== What to work on ==
Please copy, exactly as written, the span from the first line below to the line that contains "Blackwing - Mini", including both, and skip the pictures.

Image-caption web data
* * *

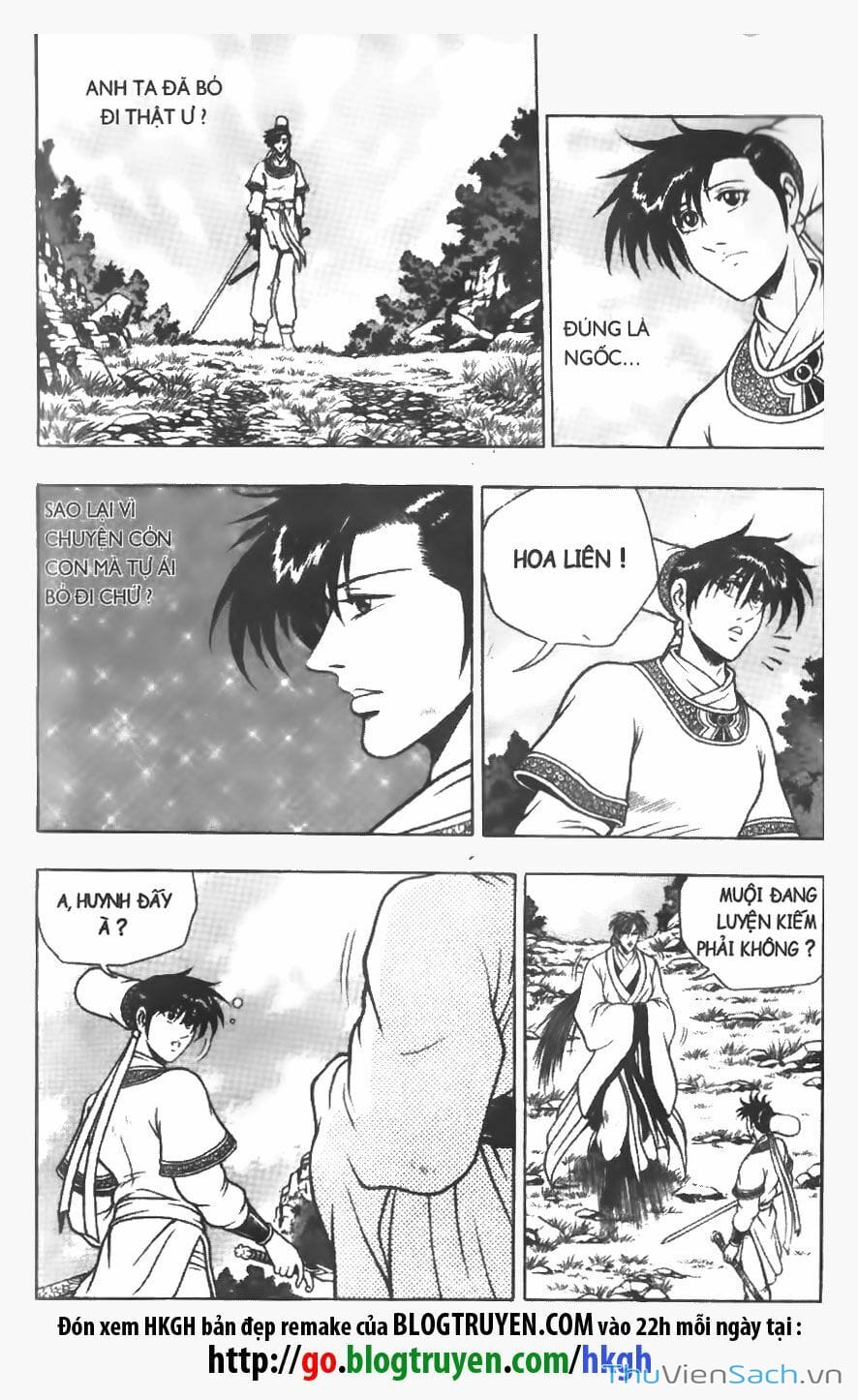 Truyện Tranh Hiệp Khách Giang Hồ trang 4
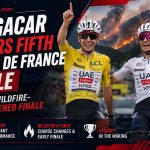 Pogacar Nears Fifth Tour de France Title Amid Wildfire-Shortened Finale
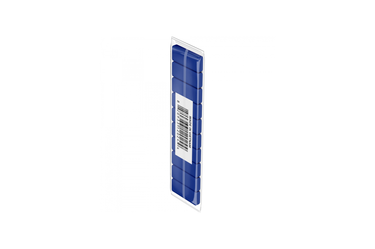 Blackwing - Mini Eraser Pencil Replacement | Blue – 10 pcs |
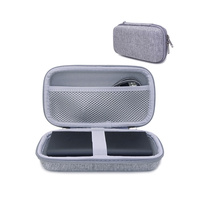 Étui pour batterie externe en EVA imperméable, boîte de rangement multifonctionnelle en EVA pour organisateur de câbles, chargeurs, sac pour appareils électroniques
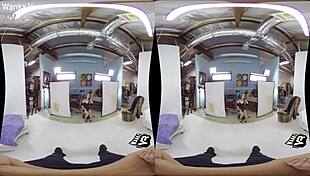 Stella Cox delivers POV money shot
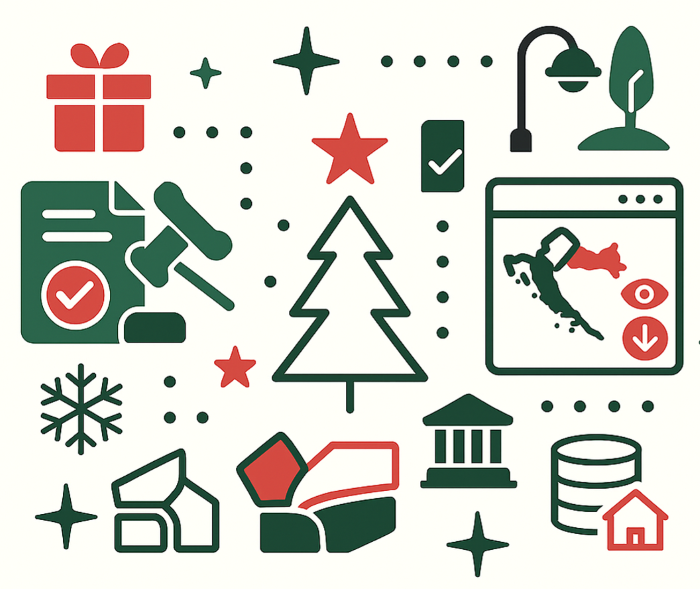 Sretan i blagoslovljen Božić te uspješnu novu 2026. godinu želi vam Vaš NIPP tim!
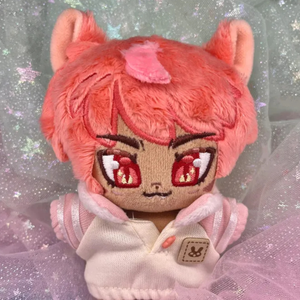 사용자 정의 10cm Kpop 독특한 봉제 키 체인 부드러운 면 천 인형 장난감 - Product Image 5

* * *

== Output for this task ==
 Truyện Tranh Hiệp Khách Giang Hồ trang 4
 Pogacar Nears Fifth Tour de France Title Amid Wildfire-Shortened Finale
 Blackwing - Mini Eraser Pencil Replacement | Blue – 10 pcs |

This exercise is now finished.